The guidelines on implicit support with securitisation transactions allows the EBA to meet its commitment pursuant to article 248 paragraph 2 of the regulation (EU) no. 575/2013 (CRR) to define the term arm’s length conditions and identify when transactions are structured in such a way that they don’t constitute implicit support. The guidelines also elaborate further on the reporting and documentation requirements as stated in article 248, paragraph 1 of the CRR. BaFin’s circular concerns the integration of these guidelines pursuant to article 2, paragraph 4 of the regulation (EU) no. 1093/2010 into national regulatory processes. BaFin’s circular reflects the content of the EBA’s guidelines. The circular was agreed with the German Bundesbank and came into force with immediate effect on 25 October 2018, the day it was published.

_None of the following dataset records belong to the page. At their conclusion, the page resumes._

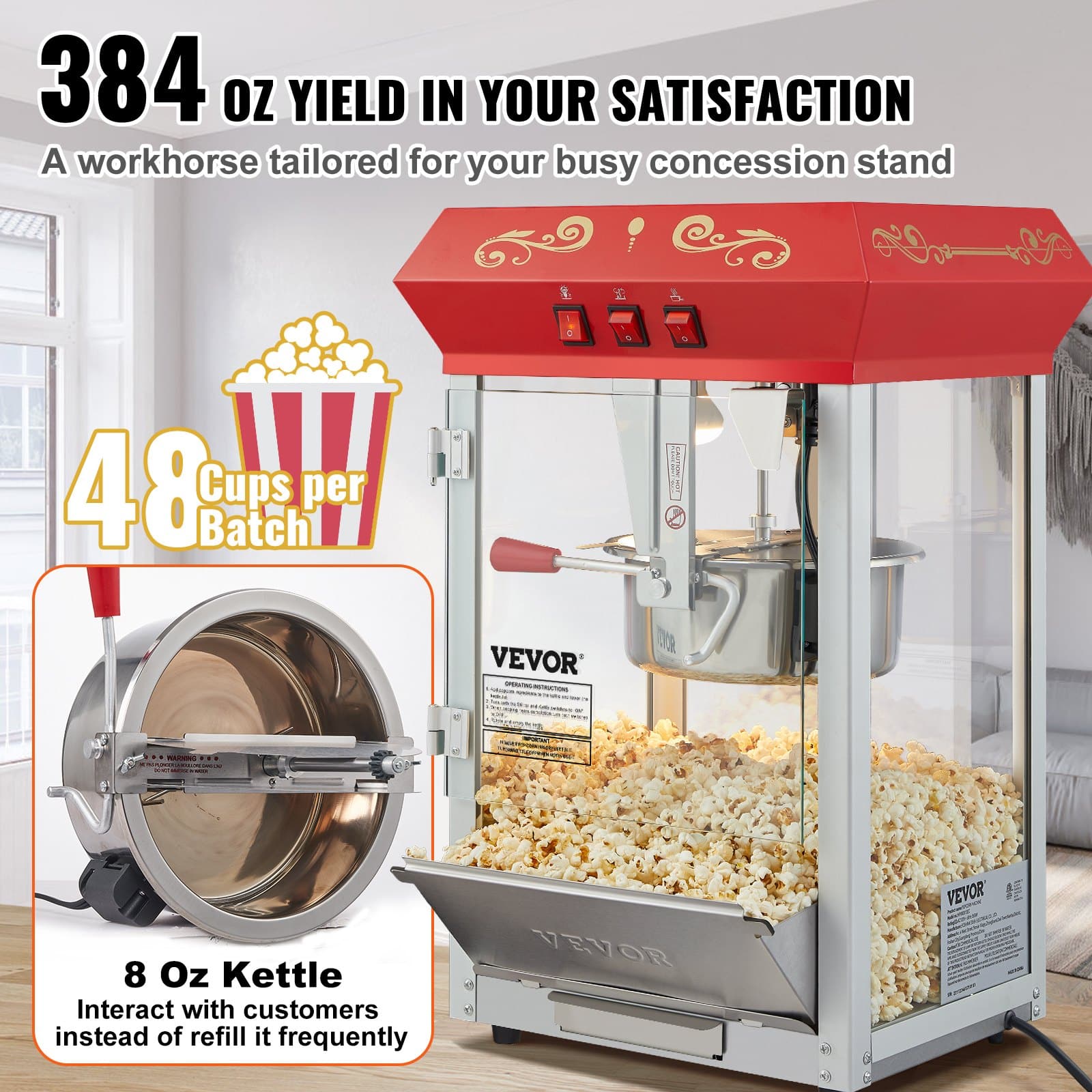 VEVOR 850W Commercial Popcorn Maker with 8 oz Kettle, Makes 48 Cups, Tempered Glass, 4 Scoops, Red Theater-Style - Image 3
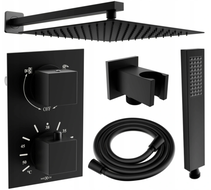 Mexen Cube DR02 вграден душ комплект с дъждовен душ 30 см, черен - 77502DR0230-70
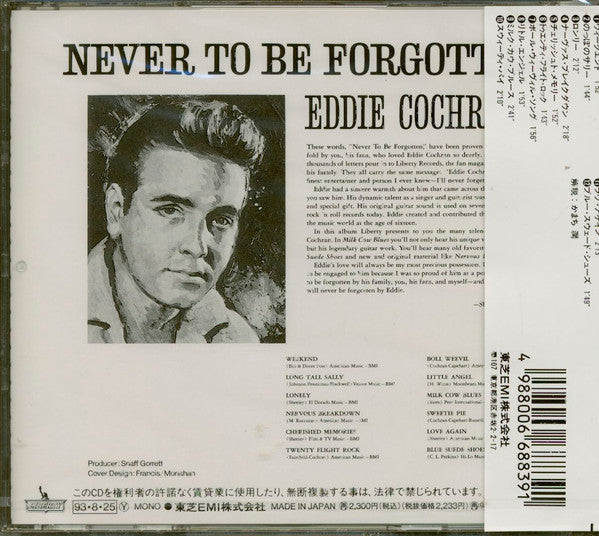 Eddie Cochran : Never To Be Forgotten (CD, Album, Mono, RE)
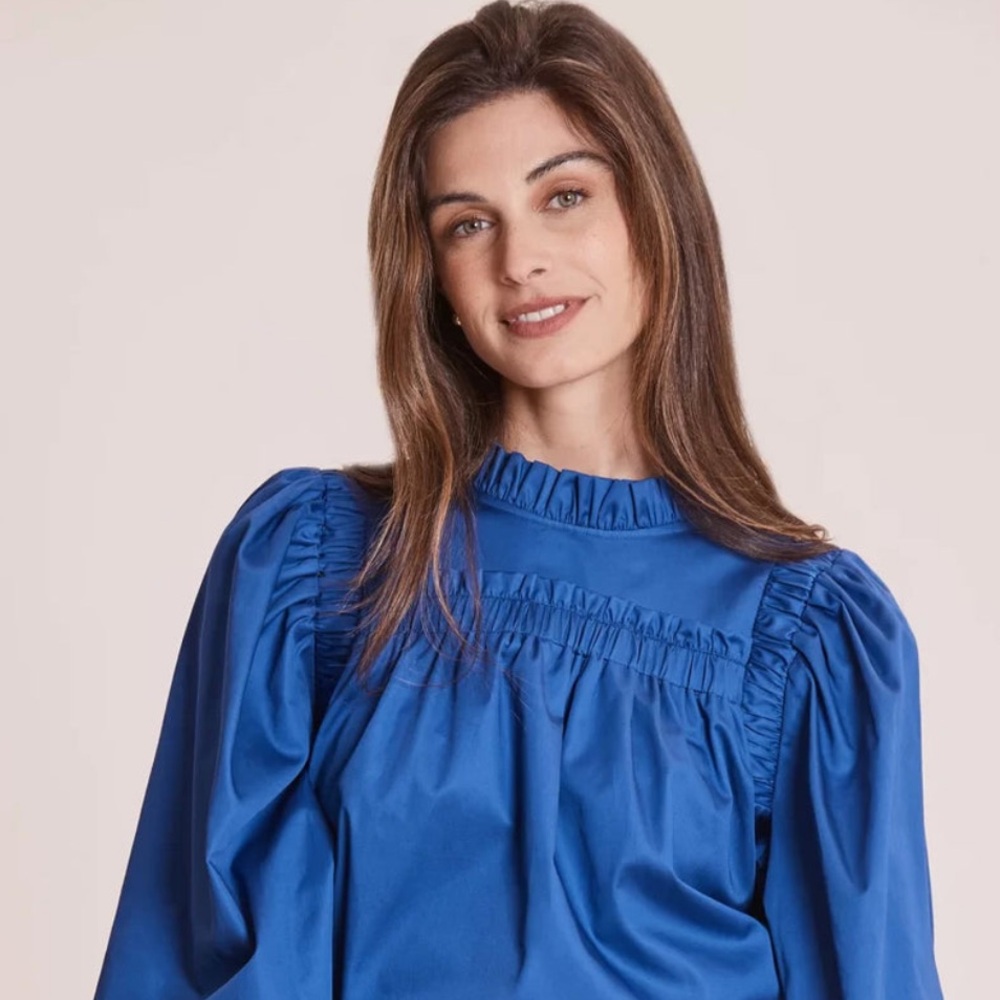 NWT Tyler Boe Ella Top Keyhole Back Oversized Cotton in Sapphire Size XS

In its guidelines based on article 248, paragraph 2 of the CRR, the EBA explains what constitutes arm’s length conditions and when a transaction is structured in such a way that it doesn’t constitute implicit support. Following the EBA’s guidelines, BaFin’s circular 13/2018 states that a transaction doesn’t constitute implicit support if the transaction is executed for the sponsor or originator of a securitisation transaction at arm’s length conditions or at a lower cost than arm’s length conditions. Transactions carried out at arm’s length conditions are those whose conditions are identical to a standard commercial transaction. In other words, the two parties are not affiliated with one another and each party acts independently of the other and in its own interest. In order not to constitute implicit support, in addition to the above-mentioned criteria, transactions by an originator that transfer a significant credit risk must meet the conditions pursuant to article 243 of the CRR or, if applicable, article 244 of the CRR for the transfer of a significant risk in accordance with this circular and the guidelines adopted by the EBA on the transfer of a significant credit risk, or, the transaction shouldn’t be entered into with the aim of reducing investors’ potential or actual losses. If the transaction no longer meets the conditions for the transfer of a significant credit risk, the originator must maintain the same level of his own funds for all securitised exposures as he would have had to have done without securitisation.